RECORDED DATA
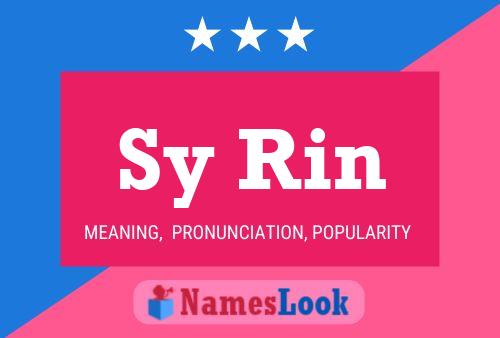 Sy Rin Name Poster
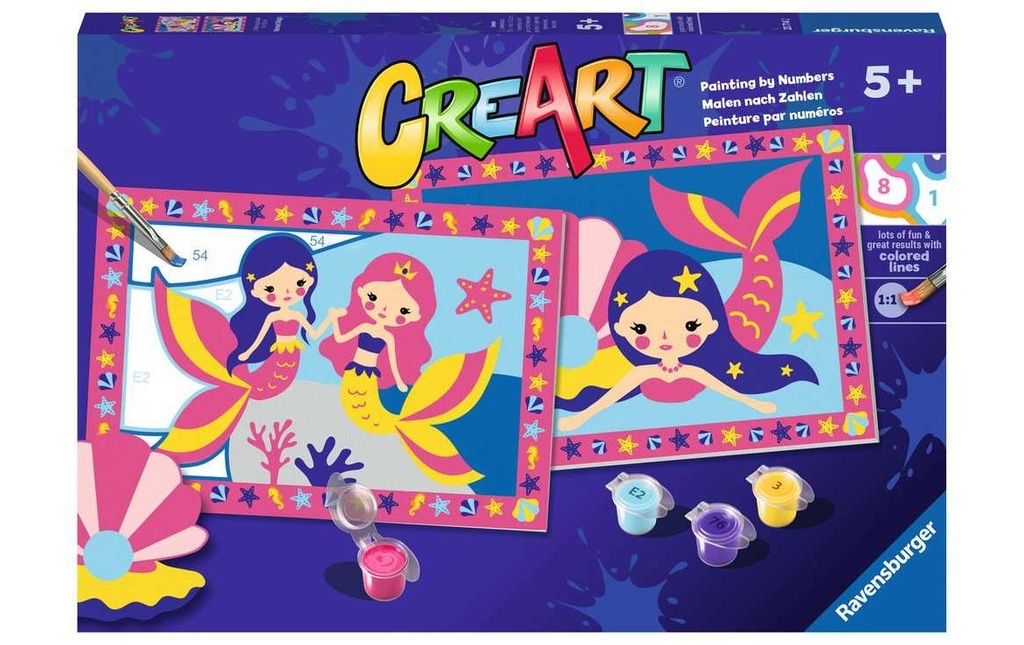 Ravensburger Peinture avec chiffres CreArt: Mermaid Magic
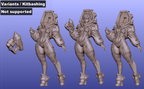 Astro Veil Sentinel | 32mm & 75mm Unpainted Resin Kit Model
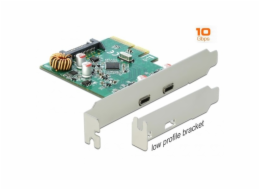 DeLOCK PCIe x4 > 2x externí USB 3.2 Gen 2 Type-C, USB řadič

WHAT IS NEEDED
Give back all the data exactly, minus pictures.

WRITTEN SOLUTION
 Sy Rin Name Poster
 Ravensburger Peinture avec chiffres CreArt: Mermaid Magic
 Astro Veil Sentinel | 32mm & 75mm Unpainted Resin Kit Model
 DeLOCK PCIe x4 > 2x externí USB 3.2 Gen 2 Type-C, USB řadič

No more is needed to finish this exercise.